Banda Nawaz believed that there should be an amalgamation between their languages and local dialects for connecting people’s hearts. So, in a mixed dialect of Deccani Urdu and Hindi (Hindawi), he conveyed his message of love. Maulvi Abdul Haqque, one of the pioneers of the Urdu language, noted that almost all vernacular languages were studied by Banda Nawaz to spread his words of wisdom to common citizens. He was also beautifully rooted in the local cultures to attain that goal. He created a beautiful synthesis of the Deccan language in his effort to effectively communicate his mystical discourses, borrowing salient features from the earliest form of Urdu proses.

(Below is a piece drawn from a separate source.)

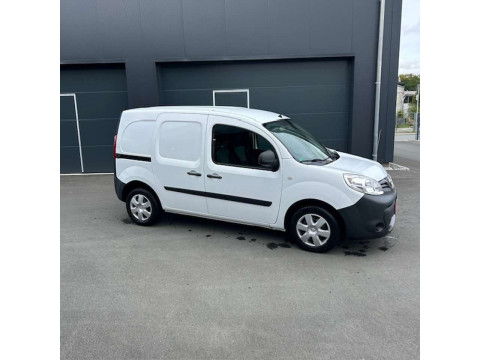 Ansicht 4 - Gebrauchtwagen Fahrzeug, Modell NV250 der Marke Nissan von Verkäufer Auto-Wallisch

Banda Nawaz would relay the beautiful discourses on hadith (prophetic traditions), suluk (Sufi path) and kalam (rational Islamic philosophy), every day after Zuhr ‘s prayer. Remarkably, he would speak to those who did not understand Urdu, Arabic, or Persian, in the vernacular Dakhni language. Khwaja Banda Nawaz has written many spiritual treatises, including Hidayat Nama, Qaseeda Amali and Adaab-al-Mureedein. But its masterpiece is Me’raj-ul-Ashiqin. It exposes what it takes to be an Ashiq — the true lover or seeker of the mystical path that, through ma’rifat (gnosis), reaches ultimate relationship with the divine. In his opinion, m’arifat connotes an intuitive understanding through profound perceptions of the universal spiritual reality. ; This close personal relationship between the lover and the Divine is expressed in these wonderful Persian lines, as mentioned in

Me’raj-ul-Ashiqin:
Man tu shudam tu man shudi,
man tan shudam tu jaan shudi,
taakas na goyad bad azeen,
man deegaram tu deegari

Translation:“I became you and you me. I am the body, you soul; so that no one hereafter will be able to say that you are someone else and me.